(WORK TO BE COMPLETED)
Exactly transcribe the span of lines from the one containing "set, gothic sign" through the final line of the entries, inclusive, and nothing outside it. Exclude the pictures.

─── DATA

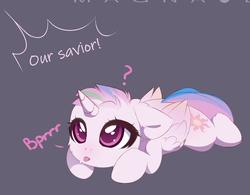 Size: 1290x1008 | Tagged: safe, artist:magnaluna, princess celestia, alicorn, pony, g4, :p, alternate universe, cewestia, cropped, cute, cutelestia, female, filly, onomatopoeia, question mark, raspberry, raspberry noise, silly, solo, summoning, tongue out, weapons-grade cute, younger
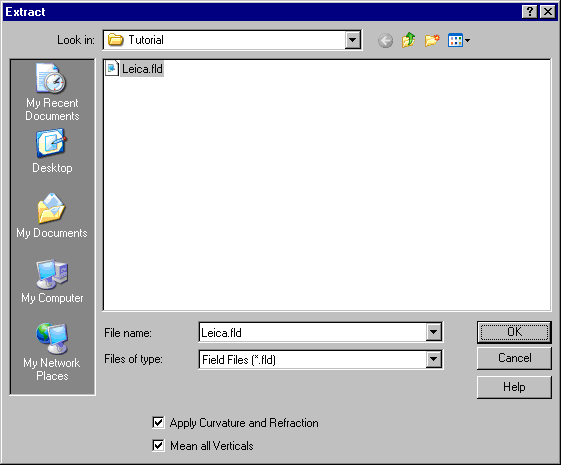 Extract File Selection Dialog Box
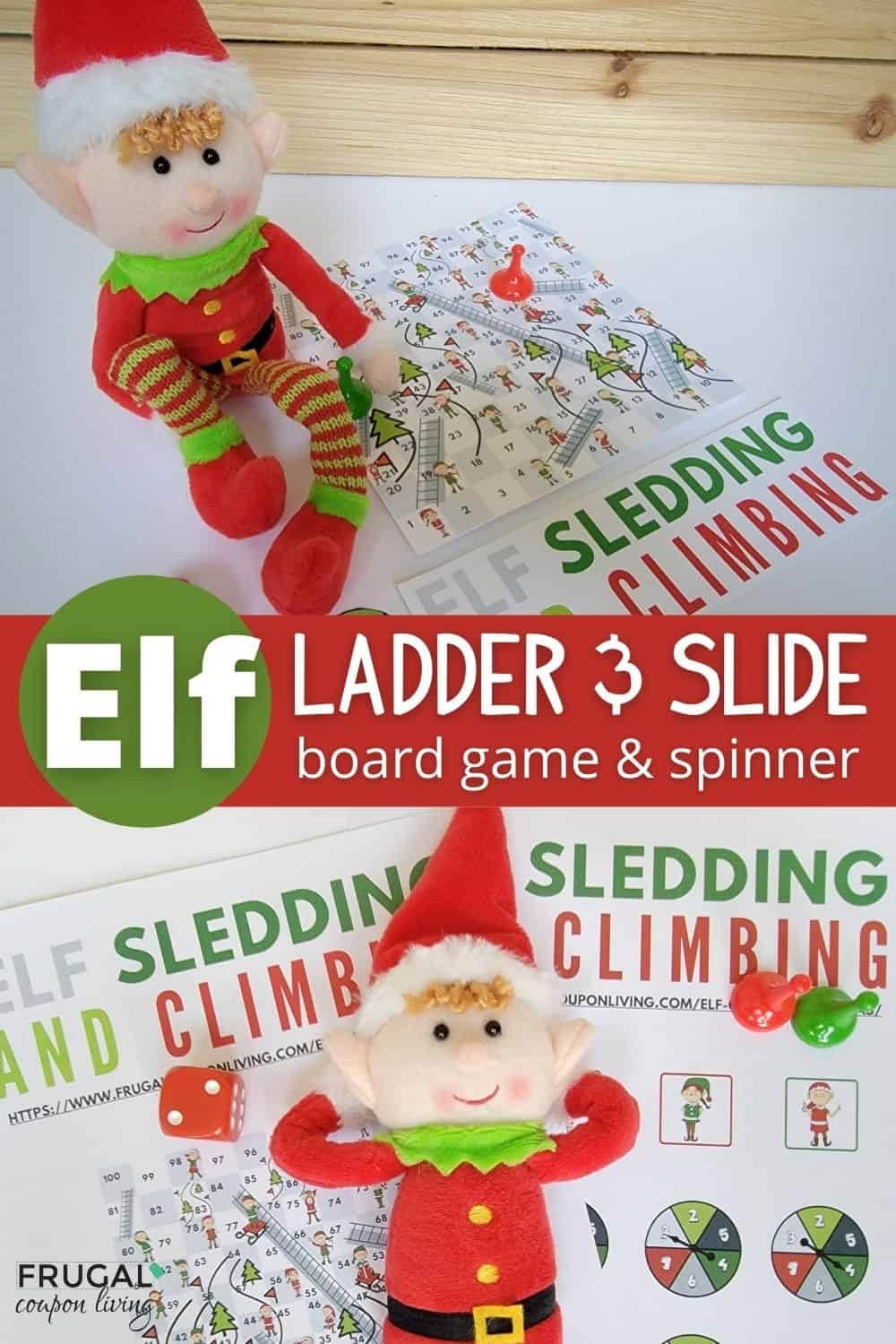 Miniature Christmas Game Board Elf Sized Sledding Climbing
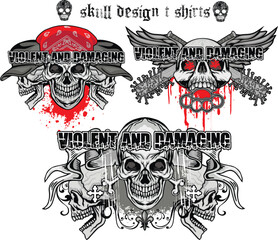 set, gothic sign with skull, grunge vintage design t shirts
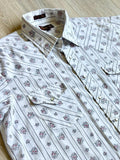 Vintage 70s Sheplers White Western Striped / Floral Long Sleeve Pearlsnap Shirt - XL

──────

(EXPECTED ANSWER)
 set, gothic sign with skull, grunge vintage design t shirts
 Vintage 70s Sheplers White Western Striped / Floral Long Sleeve Pearlsnap Shirt - XL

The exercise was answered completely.